8/12/19, CA 2/1: B294490
“In this appeal, we hold that evidence of a legal guardian’s occasional methamphetamine use outside the legal guardian’s home and while the child was in the care of another adult in the home does not support dependency jurisdiction under Welfare and Institutions Code section 300, subdivision (b). No substantial evidence showed that the legal guardian abused methamphetamine, and no substantial evidence showed that the child was at risk of serious physical harm. We therefore reverse the juvenile court’s jurisdictional order.”
In re A.E.
8/21/19, CA 4/2: E070578
Children appeal dispositional order granting reunification services to their parents after TCT found that reunification services should not be bypassed under WIC 361.5(b)(5) & (6) as “reunification was in the best interest of the children, services would likely prevent reabuse, and it would be detrimental not to provide them[,]” thus permitting reunification under WIC 361.5(c). Reversed.

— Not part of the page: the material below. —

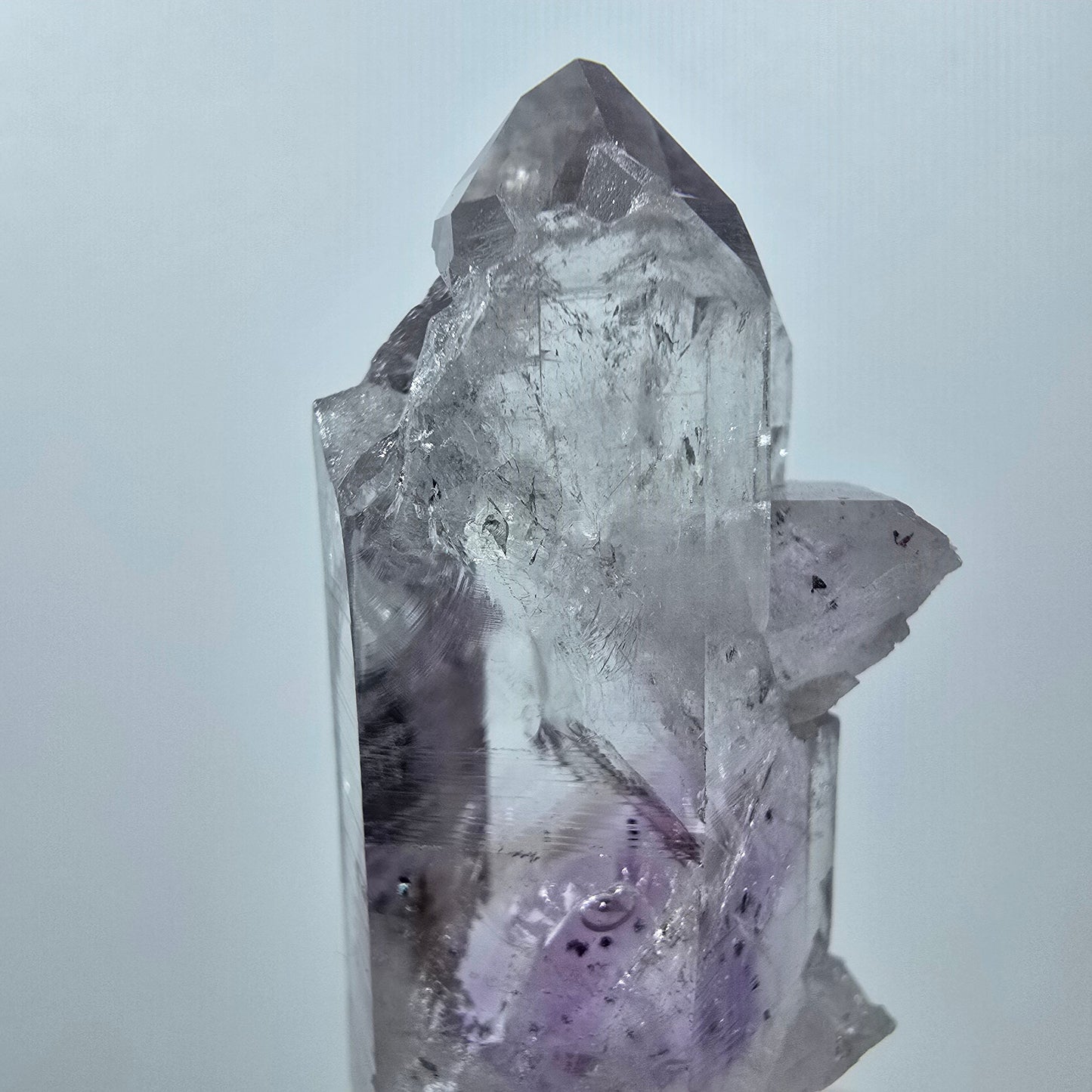 Améthyste fantôme, mine d'hématite Point Streep, Goboboseb, Namibie, 48 x 21 x 14 mm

As to 5 of the children, “In sum, the record contains no evidence that reunification services could lead to adequate protection of the children and hence no evidence that reunification services would be in the children’s best interest, given Father’s and Mother’s ongoing insistence that all of the physical abuse allegations were false.” As to the 6th child, the TCT was required to prohibit reunification in the absence of competent testimony that services are likely to present reabuse or continued neglect of the child. Under WIC 361.5(c)(3), “the term ‘testimony’ refers to in-court oral statements of live witness, not to other forms of evidence.” The record contained no competent testimony to support the finding, requiring reversal of the TCT.
In re J.F.
8/26/19, CA4/2: E072301
F files notice of appeal expressly stating he was appealing order terminating his parental rights only. During appeal, F also sought to challenge dependency court order denying him reunification services with sons pursuant to WIC 388. CtA held it “cannot liberally construe it to embrace the omitted order denying the section 388 petition,” and therefore lacked jurisdiction over the WIC 388 issue. As F presented “no reasoned argument why the juvenile court erred by terminating his parental rights, father has waived his challenge to the sole order properly before us.” Judgment denying WIC 388 petition therefore affirmed.

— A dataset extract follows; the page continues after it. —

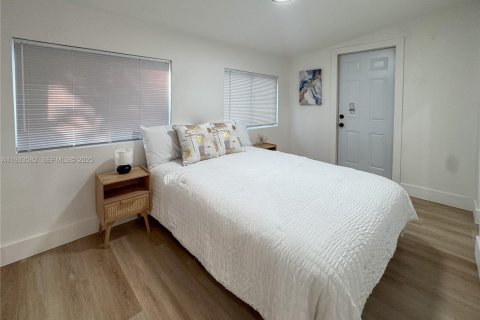 House in Miami, Florida 4 bedrooms № 1992626 - photo 18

Marriage of Sahafzadeh-Taeb & Taeb
8/26/19, CA 1/1: A152178
Sanctions imposed under CCP 128.5 affirmed as to attorney but reversed as to party after attorney failed to appear for trial. Amendments to CCP 128.5 made after San Diegans for Open Government v. City of San Diego permit imposition of sanctions under that section under a subjective bad faith test only, not the objective test applied in San Diegans.